Task requirements —
A word-for-word transcription of the data below is required.

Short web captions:
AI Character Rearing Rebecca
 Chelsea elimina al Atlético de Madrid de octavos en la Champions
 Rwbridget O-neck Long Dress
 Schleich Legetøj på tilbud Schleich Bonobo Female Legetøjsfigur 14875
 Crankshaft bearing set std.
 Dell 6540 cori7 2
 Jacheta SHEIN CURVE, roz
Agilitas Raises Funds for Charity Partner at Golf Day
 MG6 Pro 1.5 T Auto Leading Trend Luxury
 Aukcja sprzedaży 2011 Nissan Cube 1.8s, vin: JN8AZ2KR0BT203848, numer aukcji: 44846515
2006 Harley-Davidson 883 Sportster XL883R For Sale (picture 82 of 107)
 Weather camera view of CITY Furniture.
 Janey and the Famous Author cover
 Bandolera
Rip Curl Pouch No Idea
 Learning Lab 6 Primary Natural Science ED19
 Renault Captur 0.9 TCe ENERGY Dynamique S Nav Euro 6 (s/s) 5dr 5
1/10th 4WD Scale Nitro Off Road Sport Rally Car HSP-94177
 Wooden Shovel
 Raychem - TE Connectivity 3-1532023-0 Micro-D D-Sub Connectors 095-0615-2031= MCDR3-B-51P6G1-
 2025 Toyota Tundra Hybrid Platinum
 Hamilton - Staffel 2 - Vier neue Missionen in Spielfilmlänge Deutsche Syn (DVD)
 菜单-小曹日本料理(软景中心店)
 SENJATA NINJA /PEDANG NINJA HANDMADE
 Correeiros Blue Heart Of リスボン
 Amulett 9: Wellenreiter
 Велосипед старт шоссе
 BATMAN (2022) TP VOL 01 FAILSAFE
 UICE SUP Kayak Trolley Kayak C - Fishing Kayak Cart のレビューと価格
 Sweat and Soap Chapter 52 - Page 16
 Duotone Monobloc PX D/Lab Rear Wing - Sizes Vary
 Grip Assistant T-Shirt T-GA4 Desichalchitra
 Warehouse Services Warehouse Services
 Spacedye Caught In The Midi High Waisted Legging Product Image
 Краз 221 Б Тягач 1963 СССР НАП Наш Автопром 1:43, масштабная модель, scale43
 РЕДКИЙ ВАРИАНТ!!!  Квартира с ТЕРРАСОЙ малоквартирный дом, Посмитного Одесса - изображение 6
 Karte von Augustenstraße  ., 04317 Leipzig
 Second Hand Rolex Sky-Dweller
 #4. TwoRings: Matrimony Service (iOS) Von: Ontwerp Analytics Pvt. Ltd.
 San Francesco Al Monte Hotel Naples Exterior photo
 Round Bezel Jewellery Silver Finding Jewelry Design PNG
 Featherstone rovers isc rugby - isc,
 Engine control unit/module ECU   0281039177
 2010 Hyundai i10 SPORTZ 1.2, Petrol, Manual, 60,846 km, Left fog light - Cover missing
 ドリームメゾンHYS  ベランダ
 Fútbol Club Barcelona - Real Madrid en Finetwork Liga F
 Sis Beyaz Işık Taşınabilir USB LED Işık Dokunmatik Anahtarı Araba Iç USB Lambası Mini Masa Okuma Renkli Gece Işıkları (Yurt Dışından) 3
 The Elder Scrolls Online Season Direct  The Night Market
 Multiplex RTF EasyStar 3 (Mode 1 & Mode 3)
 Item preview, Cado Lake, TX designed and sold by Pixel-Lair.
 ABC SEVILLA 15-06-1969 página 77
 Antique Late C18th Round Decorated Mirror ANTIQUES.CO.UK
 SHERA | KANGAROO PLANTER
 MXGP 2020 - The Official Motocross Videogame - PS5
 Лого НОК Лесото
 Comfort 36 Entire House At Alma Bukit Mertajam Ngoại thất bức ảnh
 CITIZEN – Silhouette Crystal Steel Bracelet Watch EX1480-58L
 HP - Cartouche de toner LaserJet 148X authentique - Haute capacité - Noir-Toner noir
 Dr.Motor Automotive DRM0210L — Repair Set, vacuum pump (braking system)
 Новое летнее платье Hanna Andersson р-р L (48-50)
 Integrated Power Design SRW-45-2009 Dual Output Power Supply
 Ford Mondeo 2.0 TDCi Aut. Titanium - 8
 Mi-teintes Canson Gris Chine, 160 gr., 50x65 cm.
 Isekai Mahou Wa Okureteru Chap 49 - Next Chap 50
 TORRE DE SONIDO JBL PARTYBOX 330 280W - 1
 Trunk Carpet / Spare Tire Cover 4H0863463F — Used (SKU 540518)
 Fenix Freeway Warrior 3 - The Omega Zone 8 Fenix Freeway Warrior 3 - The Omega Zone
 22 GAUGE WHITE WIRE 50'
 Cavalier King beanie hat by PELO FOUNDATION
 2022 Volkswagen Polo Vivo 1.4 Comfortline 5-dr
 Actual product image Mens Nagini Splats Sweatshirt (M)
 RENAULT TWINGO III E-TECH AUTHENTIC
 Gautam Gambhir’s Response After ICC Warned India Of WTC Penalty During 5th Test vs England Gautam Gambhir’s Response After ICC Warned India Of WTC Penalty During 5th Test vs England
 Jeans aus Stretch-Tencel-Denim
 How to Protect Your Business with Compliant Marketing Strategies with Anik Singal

Output for this task —
AI Character Rearing Rebecca
 Chelsea elimina al Atlético de Madrid de octavos en la Champions
 Rwbridget O-neck Long Dress
 Schleich Legetøj på tilbud Schleich Bonobo Female Legetøjsfigur 14875
 Crankshaft bearing set std.
 Dell 6540 cori7 2
 Jacheta SHEIN CURVE, roz
Agilitas Raises Funds for Charity Partner at Golf Day
 MG6 Pro 1.5 T Auto Leading Trend Luxury
 Aukcja sprzedaży 2011 Nissan Cube 1.8s, vin: JN8AZ2KR0BT203848, numer aukcji: 44846515
2006 Harley-Davidson 883 Sportster XL883R For Sale (picture 82 of 107)
 Weather camera view of CITY Furniture.
 Janey and the Famous Author cover
 Bandolera
Rip Curl Pouch No Idea
 Learning Lab 6 Primary Natural Science ED19
 Renault Captur 0.9 TCe ENERGY Dynamique S Nav Euro 6 (s/s) 5dr 5
1/10th 4WD Scale Nitro Off Road Sport Rally Car HSP-94177
 Wooden Shovel
 Raychem - TE Connectivity 3-1532023-0 Micro-D D-Sub Connectors 095-0615-2031= MCDR3-B-51P6G1-
 2025 Toyota Tundra Hybrid Platinum
 Hamilton - Staffel 2 - Vier neue Missionen in Spielfilmlänge Deutsche Syn (DVD)
 菜单-小曹日本料理(软景中心店)
 SENJATA NINJA /PEDANG NINJA HANDMADE
 Correeiros Blue Heart Of リスボン
 Amulett 9: Wellenreiter
 Велосипед старт шоссе
 BATMAN (2022) TP VOL 01 FAILSAFE
 UICE SUP Kayak Trolley Kayak C - Fishing Kayak Cart のレビューと価格
 Sweat and Soap Chapter 52 - Page 16
 Duotone Monobloc PX D/Lab Rear Wing - Sizes Vary
 Grip Assistant T-Shirt T-GA4 Desichalchitra
 Warehouse Services Warehouse Services
 Spacedye Caught In The Midi High Waisted Legging Product Image
 Краз 221 Б Тягач 1963 СССР НАП Наш Автопром 1:43, масштабная модель, scale43
 РЕДКИЙ ВАРИАНТ!!!  Квартира с ТЕРРАСОЙ малоквартирный дом, Посмитного Одесса - изображение 6
 Karte von Augustenstraße  ., 04317 Leipzig
 Second Hand Rolex Sky-Dweller
 #4. TwoRings: Matrimony Service (iOS) Von: Ontwerp Analytics Pvt. Ltd.
 San Francesco Al Monte Hotel Naples Exterior photo
 Round Bezel Jewellery Silver Finding Jewelry Design PNG
 Featherstone rovers isc rugby - isc,
 Engine control unit/module ECU   0281039177
 2010 Hyundai i10 SPORTZ 1.2, Petrol, Manual, 60,846 km, Left fog light - Cover missing
 ドリームメゾンHYS  ベランダ
 Fútbol Club Barcelona - Real Madrid en Finetwork Liga F
 Sis Beyaz Işık Taşınabilir USB LED Işık Dokunmatik Anahtarı Araba Iç USB Lambası Mini Masa Okuma Renkli Gece Işıkları (Yurt Dışından) 3
 The Elder Scrolls Online Season Direct  The Night Market
 Multiplex RTF EasyStar 3 (Mode 1 & Mode 3)
 Item preview, Cado Lake, TX designed and sold by Pixel-Lair.
 ABC SEVILLA 15-06-1969 página 77
 Antique Late C18th Round Decorated Mirror ANTIQUES.CO.UK
 SHERA | KANGAROO PLANTER
 MXGP 2020 - The Official Motocross Videogame - PS5
 Лого НОК Лесото
 Comfort 36 Entire House At Alma Bukit Mertajam Ngoại thất bức ảnh
 CITIZEN – Silhouette Crystal Steel Bracelet Watch EX1480-58L
 HP - Cartouche de toner LaserJet 148X authentique - Haute capacité - Noir-Toner noir
 Dr.Motor Automotive DRM0210L — Repair Set, vacuum pump (braking system)
 Новое летнее платье Hanna Andersson р-р L (48-50)
 Integrated Power Design SRW-45-2009 Dual Output Power Supply
 Ford Mondeo 2.0 TDCi Aut. Titanium - 8
 Mi-teintes Canson Gris Chine, 160 gr., 50x65 cm.
 Isekai Mahou Wa Okureteru Chap 49 - Next Chap 50
 TORRE DE SONIDO JBL PARTYBOX 330 280W - 1
 Trunk Carpet / Spare Tire Cover 4H0863463F — Used (SKU 540518)
 Fenix Freeway Warrior 3 - The Omega Zone 8 Fenix Freeway Warrior 3 - The Omega Zone
 22 GAUGE WHITE WIRE 50'
 Cavalier King beanie hat by PELO FOUNDATION
 2022 Volkswagen Polo Vivo 1.4 Comfortline 5-dr
 Actual product image Mens Nagini Splats Sweatshirt (M)
 RENAULT TWINGO III E-TECH AUTHENTIC
 Gautam Gambhir’s Response After ICC Warned India Of WTC Penalty During 5th Test vs England Gautam Gambhir’s Response After ICC Warned India Of WTC Penalty During 5th Test vs England
 Jeans aus Stretch-Tencel-Denim
 How to Protect Your Business with Compliant Marketing Strategies with Anik Singal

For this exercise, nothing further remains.